Evaluation of design solutions is the core of the design. Methods from the group multi-criteria decision-making (MCDM), among others, are used to this end. Ogrodnik [8] uses the application potential of these methods to locate single-family residential buildings with solar installations. The author points out that analytic hierarchy process (AHP) and its modification, i.e., the AHP fuzzy method, are the most suitable methods for these considerations. It is a significant example of the potential of MCDM methods in evaluating architectural designs. The author’s approach is in line with the achievements of Professor E. K. Zavadskas [9]. The group of MCDA methods is indicated as particularly useful in solving problems at the interface of architecture and engineering (c.f. Zavadskas et al. [10], Saaty and De Paola [11]).
The group of papers identified in the “Economy and cost calculation” block looks interesting.
Construction costs are of interest to both engineers and architects, especially early estimates of the costs. Juszczyk [12] presents the results of his research on the development of a cost forecasting model, and the subject of his analysis design is bridge construction. The original cost forecasting model is based on machine learning, i.e., support vector machines (SVMs). Several SVM-based regression models were tested, and the proposed model was tested for the required accuracy.
However, Cambier et al. [13] clearly emphasise the design for circularity. Circulation and the function of the building are concepts from the realm of the circular economy. BIM is treated as a process here, with an indication for the integration of BIM with LCA. The required design aid tools, as well as three urgent research paths, have been identified. The article is addressed to architects, developers, and researchers. Circulation becomes a symbol of combining architecture and engineering, i.e., architectural design and engineering solutions.
Nowogońska and Korentz [14] present issues at the interface between technical solutions and costs. Buildings’ age, or rather their technical condition, changes, measured by the degree of wear. Thus, we have two basic issues: costs of renovation and repair works of a building and methods of calculating the degree of technical wear. The article uses the prediction of reliability according to Rayleigh distribution (PRRD) model. Of course, the analysis of the technical condition and the application of this method was carried out in the area of housing construction. The method can be generalized and used in other types of construction.
From the collection of submitted articles, it is possible to sublimate a group in terms of the way the research was carried out, namely the “Nature of research” block.
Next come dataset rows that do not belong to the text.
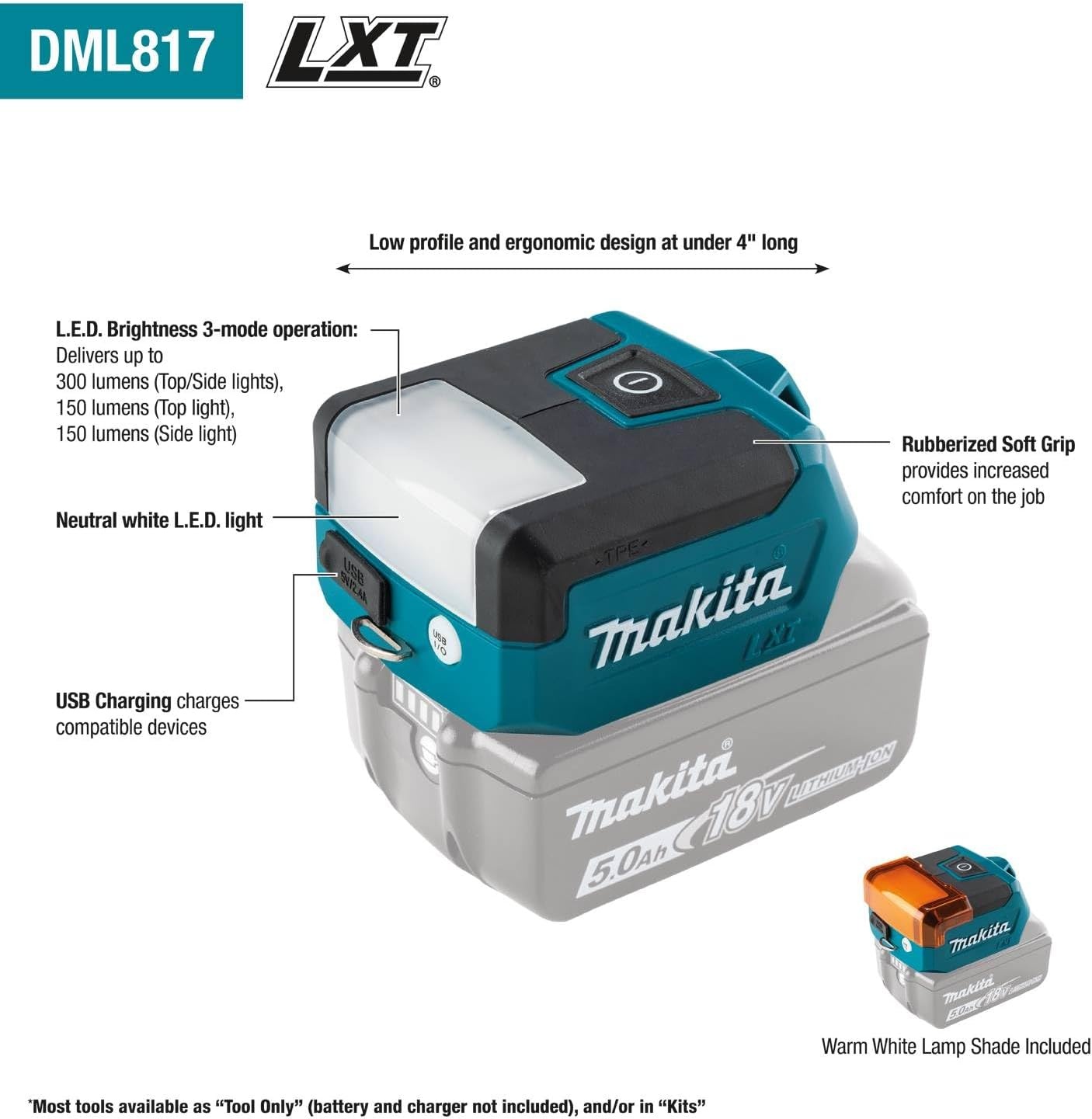 image:imageMakita DML817 18V LXT Compact LED Flashlight Flashlight Only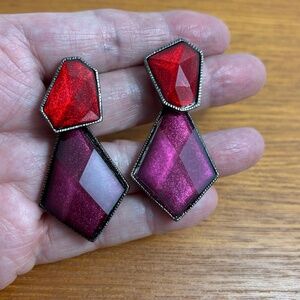 Unique Pretty Vintage Purple & Red Pierced Earrings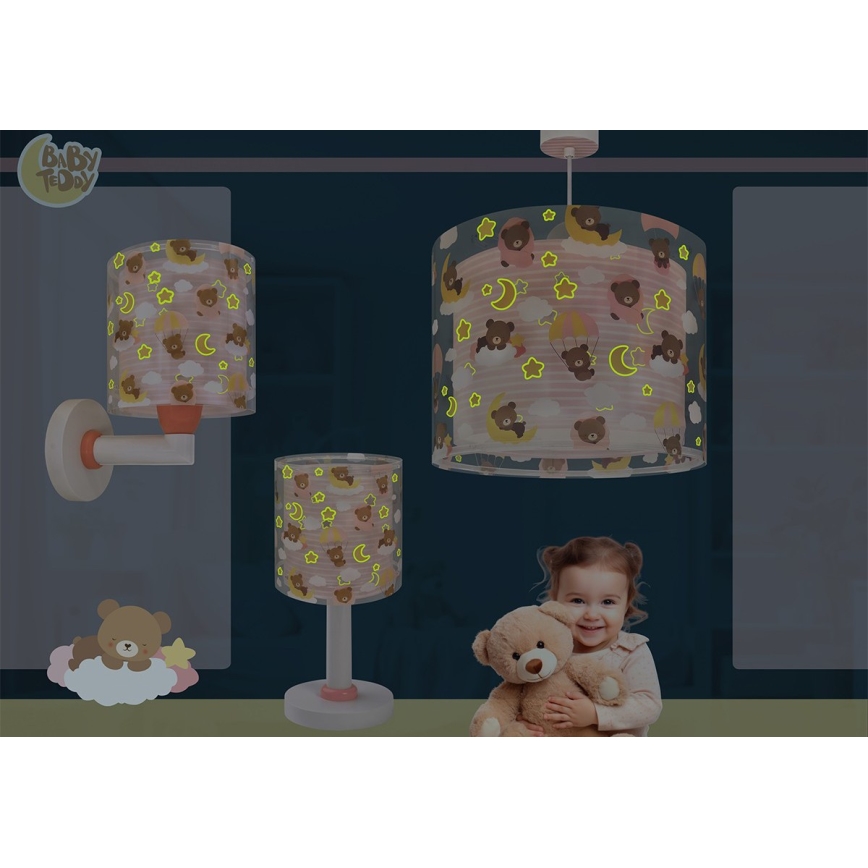 Dalber 41572S - Lasten kattovalaisin BABY TEDDY 1xE27/15W/230V vaaleanpunainen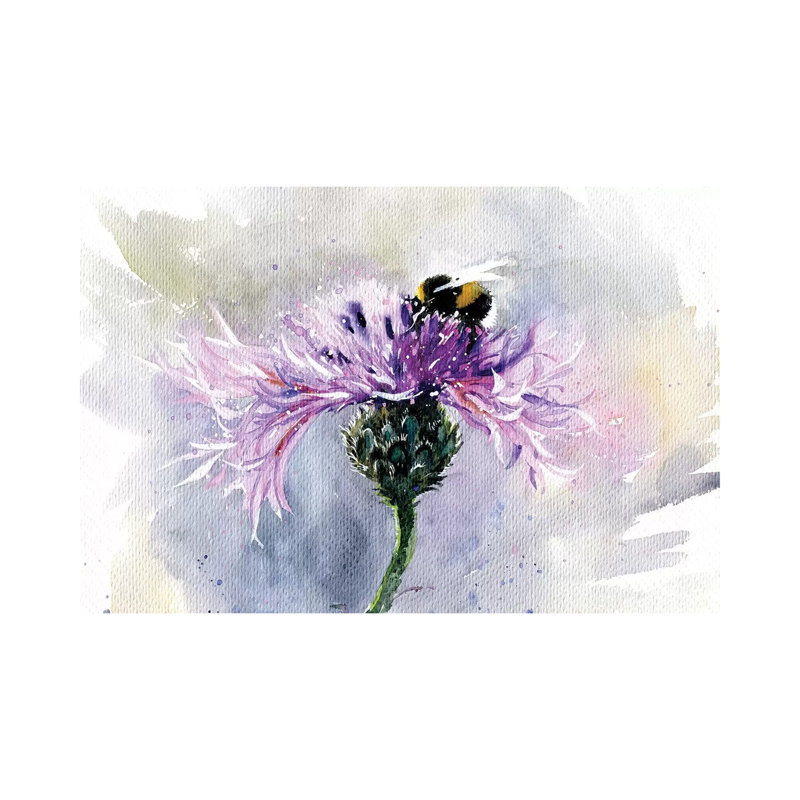 Bumblebee On A Flower by Marina Ignatova - Wrapped Canvas Painting, 20.32 cm H x 30.48 cm W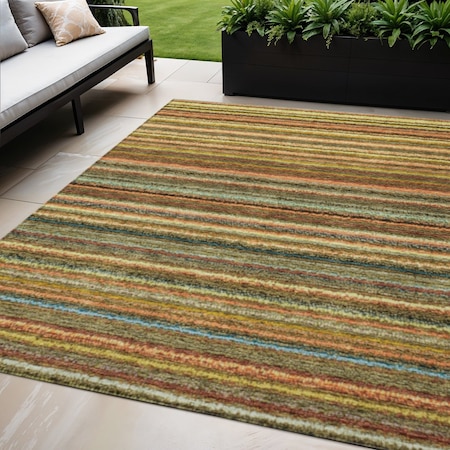 Homeroots 5' X 8' Coral Gold And Green Striped Washable Indoor Outdoor Area Rug 577770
Here are the distinctive items (from perception experiments to laboratory research).
The first article in this group [15] focuses on perception—more precisely, on the visual perception of selected buildings. The research was based on the “eye-tracking research” method. These methods, known in psychology, have been successfully transferred to the area of architecture and urban planning. In this case, eye-tracking measurement is based on recording two types of information: fixations and saccades. The research was conducted on the perception of works of architects in Cologne and the following was established: (a) attractors (elements that attract one’s attention) and (b) distractors (elements that distract one’s attention). The so-called Generation Z participated in the research.
This group of articles also includes article [2], discussed earlier, on field research. Classic laboratory test results are included in [16,17].
Article [16] is a structural analysis of a brick building. New building materials and new technologies require specific solutions to work out the way to join walls. Jasiński and Galman discuss ways to join walls using autoclaved aerated concrete (AAC) masonry elements. The discussion was supported by laboratory tests and numerical analysis using FEM (finite element method). The analyses focus on the morphology and the mechanism of joint damage.
The next article (Kubissa et al. [17]) combines laboratory testing with ecological issues. Concrete with waste copper slag was tested, taking into account its natural radioactivity and types of cement. Concrete was assessed using the Ecological Index and Performance Index (EIPI) method, which takes into account the Ecological Index (EI) and Performance Index (PI). The Gross Ecological and Performance Indicator (GEPI) was used as a support indicator.
The Research scope block gathers all of the articles, some of which are covered under different, distinctive blocks. This block shows a variety of topics (c.f. Figure 1).
Figure 1. Research areas of case studies and their dominants.
Figure 1. Research areas of case studies and their dominants.
Buildings 10 00181 g001
The search for a symbiosis of balanced development and digitization is extremely valuable, and it is popular because it allows the use of intelligent systems—in this case, control at the stage of highly specialized assembly and maintenance of the structure [18]. The use of logical algorithms, Monte Carlo simulations, and CAD elements made it possible to develop an interactive method of computer-aided assembly planning. Moreover, the presented research is part of the trend of the increasing use of prefabrication in construction.
Architects and investors’ distrust of photovoltaic solutions in construction is dispelled by Celadyn and Filipek [19]. The systematization of knowledge in the area of photovoltaic systems (modules) is addressed mainly to architects. The architect’s attitude, the design process, savings, and the desired energy efficiency are underscored. The outlined vision is promising. Ultimately, this will allow designing structures with zero energy consumption.
In engineering and architecture, new technological developments which affect the design and implementation of high-rise buildings are commonplace. The architects Szołomicki and Golasz-Szolomicka [20] call attention not only to the geometric form but also to development trends; they bring up the issue of the growing importance of composite materials.
This block ends with article [21]. It is easy to notice that the hollow section structures embellish architecture. The article by Broniewicz and Broniewicz [21] is devoted to this issue, offering designers the most up-to-date information on welds for so-called lap joints. The article is addressed to designers of steel structures and is directly applicable in determining the quality of joints between bars of truss connections.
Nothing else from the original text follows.